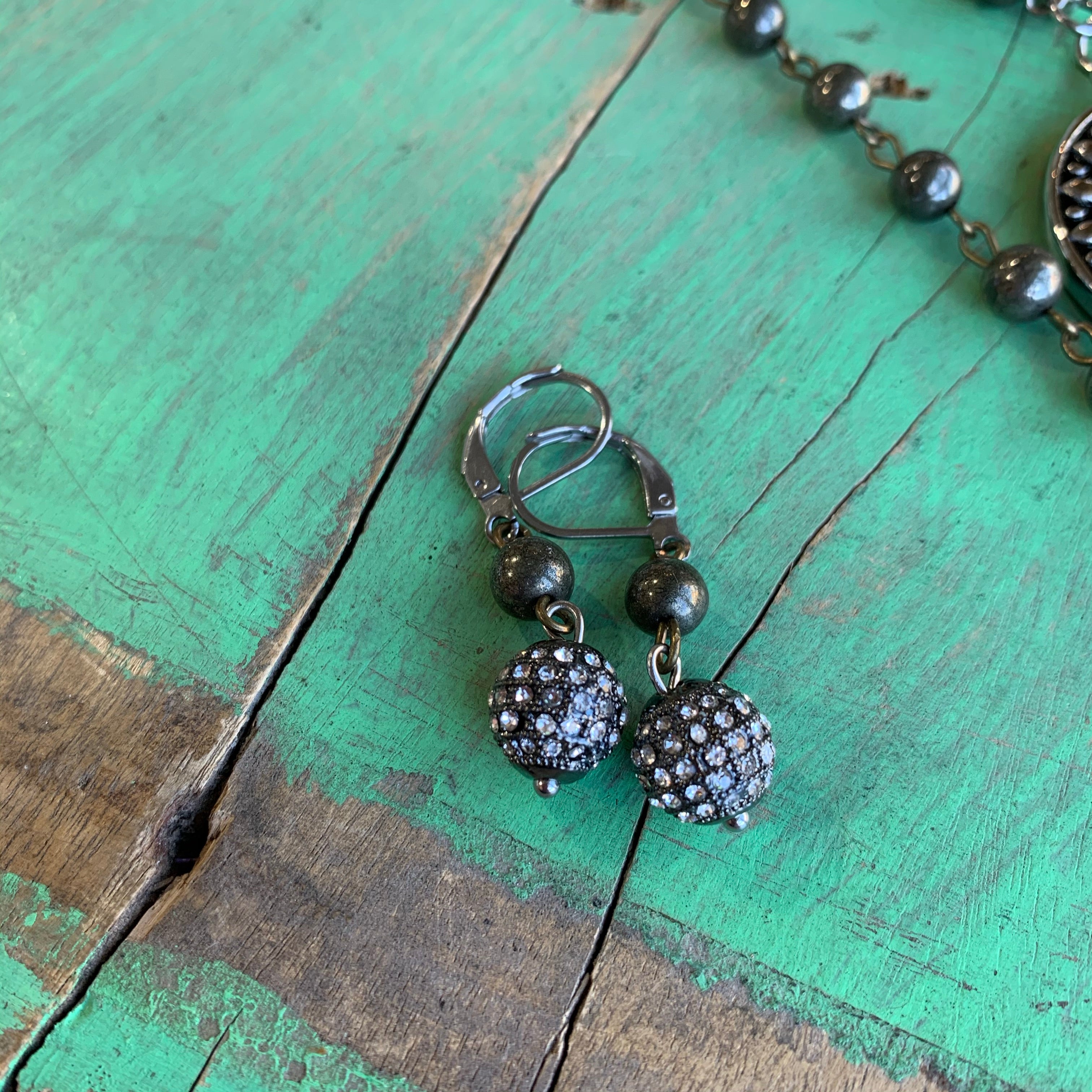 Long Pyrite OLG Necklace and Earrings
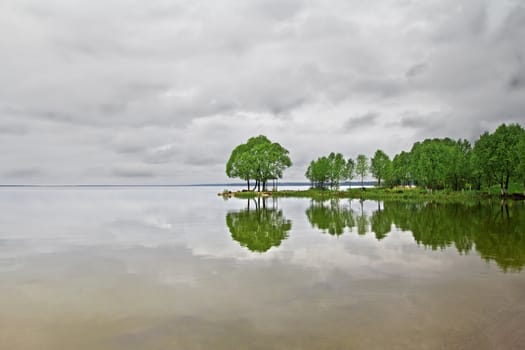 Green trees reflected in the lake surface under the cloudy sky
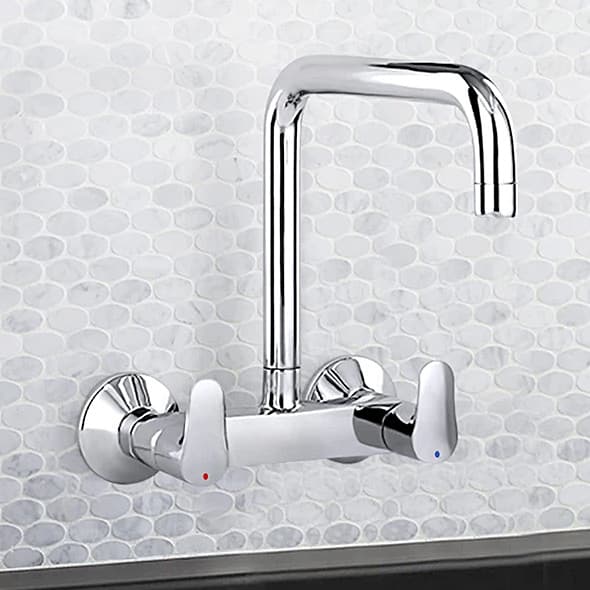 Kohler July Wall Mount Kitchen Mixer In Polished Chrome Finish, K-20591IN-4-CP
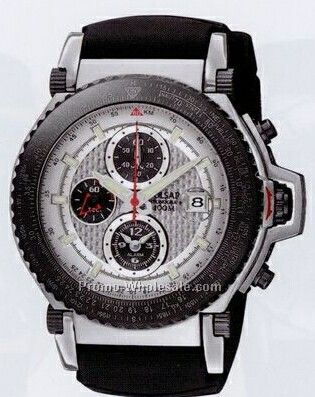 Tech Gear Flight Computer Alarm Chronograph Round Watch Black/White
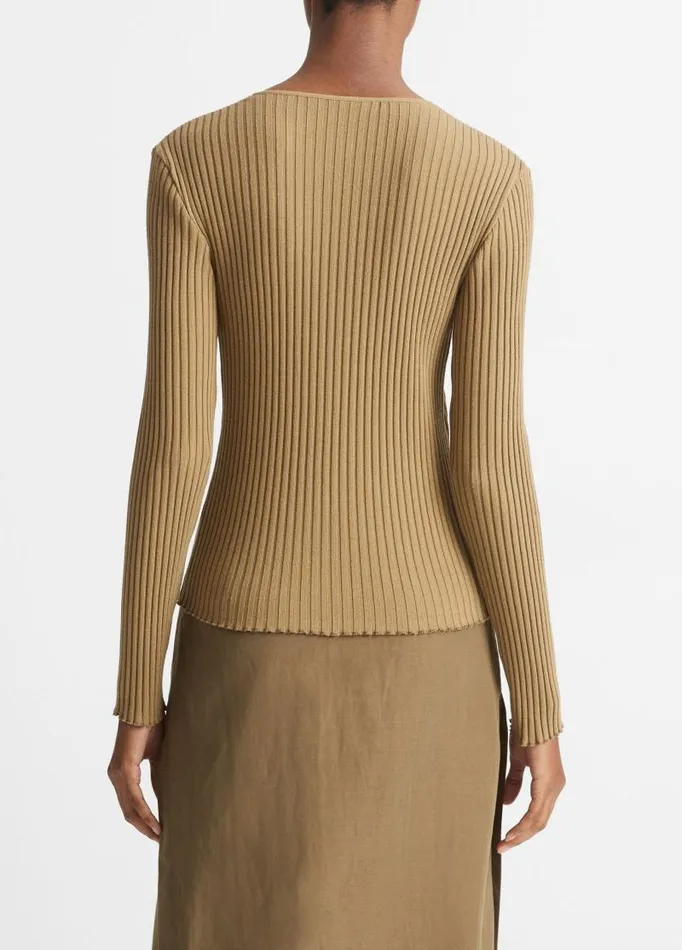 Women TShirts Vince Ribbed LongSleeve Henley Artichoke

########

> WORK TO BE COMPLETED
Quote the listing above in full, except for the pictures.

> EXERCISE RESPONSE
 Long Pyrite OLG Necklace and Earrings
 Green trees reflected in the lake surface under the cloudy sky
 Kohler July Wall Mount Kitchen Mixer In Polished Chrome Finish, K-20591IN-4-CP
 Tech Gear Flight Computer Alarm Chronograph Round Watch Black/White
 Women TShirts Vince Ribbed LongSleeve Henley Artichoke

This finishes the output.